Items from a data source.
=-=-=-=-=

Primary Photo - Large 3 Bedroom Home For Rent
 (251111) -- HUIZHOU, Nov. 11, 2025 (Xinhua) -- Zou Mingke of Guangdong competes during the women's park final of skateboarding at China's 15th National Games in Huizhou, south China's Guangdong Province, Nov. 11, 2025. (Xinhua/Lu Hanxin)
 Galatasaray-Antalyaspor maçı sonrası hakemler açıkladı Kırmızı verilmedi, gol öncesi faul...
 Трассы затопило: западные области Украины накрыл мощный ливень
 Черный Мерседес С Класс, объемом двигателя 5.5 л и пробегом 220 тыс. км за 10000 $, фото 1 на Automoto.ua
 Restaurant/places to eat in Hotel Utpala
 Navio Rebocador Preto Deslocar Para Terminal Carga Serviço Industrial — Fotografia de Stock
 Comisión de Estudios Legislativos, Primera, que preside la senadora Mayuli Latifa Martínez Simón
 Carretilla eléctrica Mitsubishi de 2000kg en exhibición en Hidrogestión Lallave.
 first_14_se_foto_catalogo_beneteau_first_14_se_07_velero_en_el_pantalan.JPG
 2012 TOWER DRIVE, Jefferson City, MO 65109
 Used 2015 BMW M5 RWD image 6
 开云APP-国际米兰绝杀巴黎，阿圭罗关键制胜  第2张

=-=-=-=-=

TASK.
Pull out each record as written and restate it exactly.

SOLUTION FOR THIS EXERCISE.
Primary Photo - Large 3 Bedroom Home For Rent
 (251111) -- HUIZHOU, Nov. 11, 2025 (Xinhua) -- Zou Mingke of Guangdong competes during the women's park final of skateboarding at China's 15th National Games in Huizhou, south China's Guangdong Province, Nov. 11, 2025. (Xinhua/Lu Hanxin)
 Galatasaray-Antalyaspor maçı sonrası hakemler açıkladı Kırmızı verilmedi, gol öncesi faul...
 Трассы затопило: западные области Украины накрыл мощный ливень
 Черный Мерседес С Класс, объемом двигателя 5.5 л и пробегом 220 тыс. км за 10000 $, фото 1 на Automoto.ua
 Restaurant/places to eat in Hotel Utpala
 Navio Rebocador Preto Deslocar Para Terminal Carga Serviço Industrial — Fotografia de Stock
 Comisión de Estudios Legislativos, Primera, que preside la senadora Mayuli Latifa Martínez Simón
 Carretilla eléctrica Mitsubishi de 2000kg en exhibición en Hidrogestión Lallave.
 first_14_se_foto_catalogo_beneteau_first_14_se_07_velero_en_el_pantalan.JPG
 2012 TOWER DRIVE, Jefferson City, MO 65109
 Used 2015 BMW M5 RWD image 6
 开云APP-国际米兰绝杀巴黎，阿圭罗关键制胜  第2张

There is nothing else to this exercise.